Let's combine an example to better understand what PostTrace is. The figure on the left is a request, in the order of Arabic numeral identification, a call occurred between microservices, originally this trace was not sampled, but an exception occurred at stage 5, triggering a posttrace, the posttrace information can be passed back from 5 to 4, and propagated to the subsequent occurrence of 6 and 7, and finally back to 1, and finally can collect the data of 1, 4, 5, 6, 7, but the previously closed 2, 3 links can not be collected. The image on the right is an actual posttrace display on our line, with errors propagating up layer by layer to the end of the captured link. PostTrace has good applications for scenarios such as error chain propagation analysis and strong dependency analysis.

Byte distributed link tracing practice, textbook construction guide

These sampling strategies can be combined at the same time. Note that sampling does not affect Metrics and Log. Metrics are aggregated calculations of the full amount of data and are not affected by sampling. The service logs are also fully collected and are not affected by sampling.

4) Centralized configuration control

In order to improve efficiency and facilitate the efficient work of different teams, byte link tracing system provides rich centralized configuration control capabilities, and the core capabilities include the following aspects:

  • Sampling strategy: Supports services to set different probabilistic sampling strategies according to different clusters, interfaces, computer rooms, and deployment stages, and can also dynamically set dyeing and PostTrace trigger conditions.
  • Custom indexing: Different frameworks and scenarios will have different default index fields, and also support business needs to create indexes for custom fields on the basis of default indexes.
  • Circuit breaker protection: By default, the SDK is equipped with a variety of circuit protection mechanisms to ensure that Trace acquisition does not occupy too many resources to affect the main line function, and allows the service to dynamically adjust the relevant circuit breaker parameters according to the actual situation.
  • Desensitization and confidentiality: Services can desensitize and keep Trace data as needed.

2. Overall architecture

1) Overall architecture

Byte distributed link tracing practice, textbook construction guide

The overall module architecture of the byte link tracing system from the data access side, consumer storage to query is shown in the figure above. Here are some technical details:

  • Private protocol data flow, performance is more extreme: from the SDK to the final write storage, the overall data flow adopts a private protocol, and each link in the data stream only needs to decode part of the header to complete the processing, without decoding all the content, which can save a lot of intermediate link resources and reduce latency.
  • Low-level byte self-developed log storage: Achieve high write speed and query performance at a lower storage cost, and support various Trace online retrieval scenarios.
  • The unitary architecture ensures the completeness of disaster recovery in multiple computer rooms: the overall unit architecture is adopted, saving the network bandwidth of the machine room, and maintaining high availability in the event of network failure in some machine rooms or single room downtime.
  • Granular and flexible centralized control capabilities: The unified configuration center issues various dynamic configurations to all stages of the entire data flow and takes effect in real time.
  • Take into account the online real-time query and computational analysis: as shown in the architecture diagram, the data flow is mainly divided into two, one is responsible for the online storage of data and real-time query, requiring the link to be as short as possible, the pursuit of extreme performance, low latency, to ensure that the data from generation to retrievability to be as fast as possible + high availability; the other is the computational analysis stream, the latency requirements are relatively low, but need to meet the needs of various scenario-based computing and analysis needs, and the company's digital warehouse platform has a better integration.
  • Metadata collection and security expiration: Accurate and time-sensitive metadata can be collected from Trace data streams, such as what interfaces are active for each microservice, which framework components are used, and other information, supporting multiple third-party systems such as monitoring alerts and service governance platforms.
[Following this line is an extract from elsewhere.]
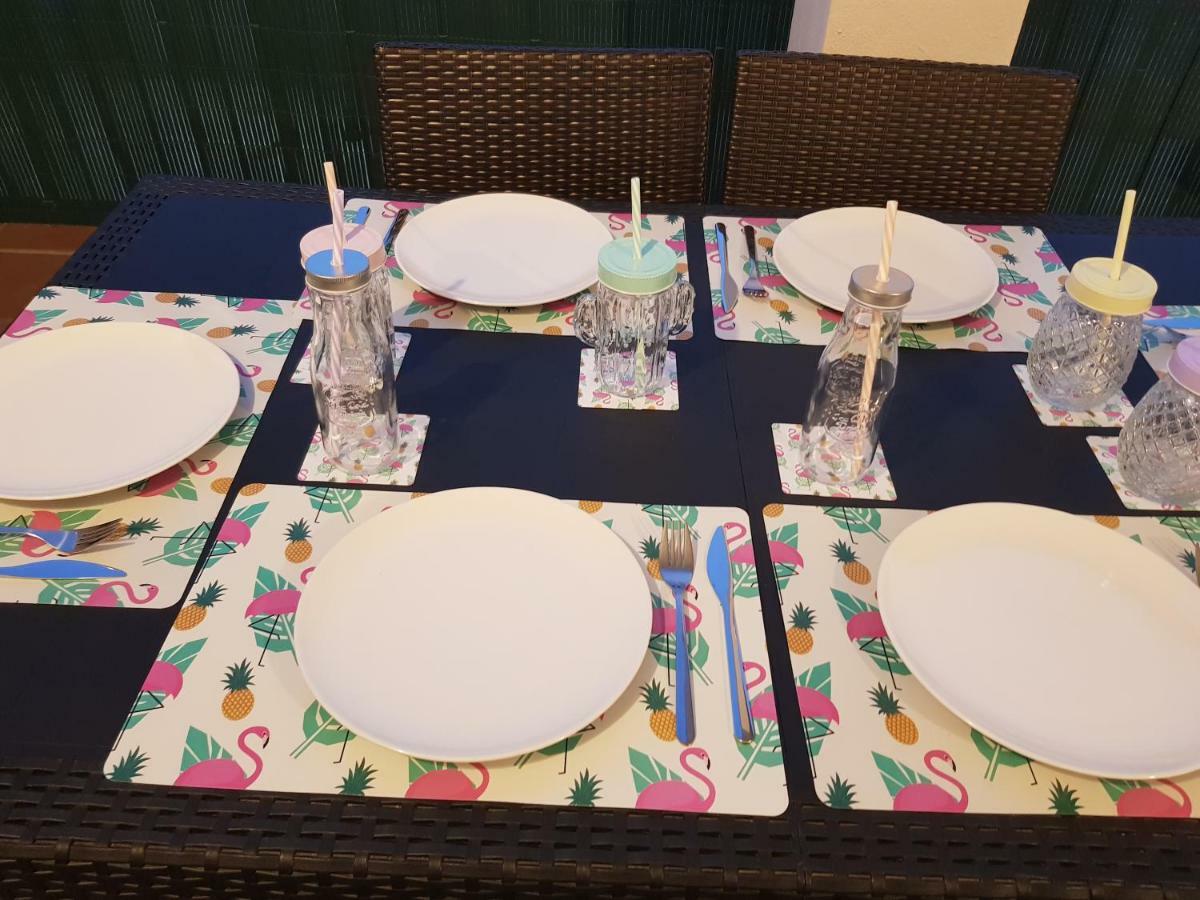 Casa Del Sol Lejlighed Manilva Eksteriør billede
2) Disaster recovery completeness of multiple computer rooms

As mentioned earlier, as an observable infrastructure, the link tracking system needs to be prioritized to remain available when there is a disaster scenario such as network disconnection or congestion, and the machine room downtime, and the service urgently needs to observe the online situation.

Byte distributed link tracing practice, textbook construction guide

The byte link tracing system adopts a unit deployment mechanism, there is no communication in each machine room on the write data stream, and the top-level query module is deployed in the aggregation machine room (and an alternate query node is deployed in the host room), and the query is initiated to retrieve and merge the results to each computer room.

  • There is no data communication in the host room of the write stream, and the function is not damaged when the host room is disconnected.
  • When a single computer room downtime or island occurs, the executable plan can be implemented to shield the faulty machine room on the query side to ensure that other computer room data is available.
  • When the machine room where the top-level query module is located is down or disconnected, the executable pre-plan will cut the query to the query node of the standby machine room to continue to provide services.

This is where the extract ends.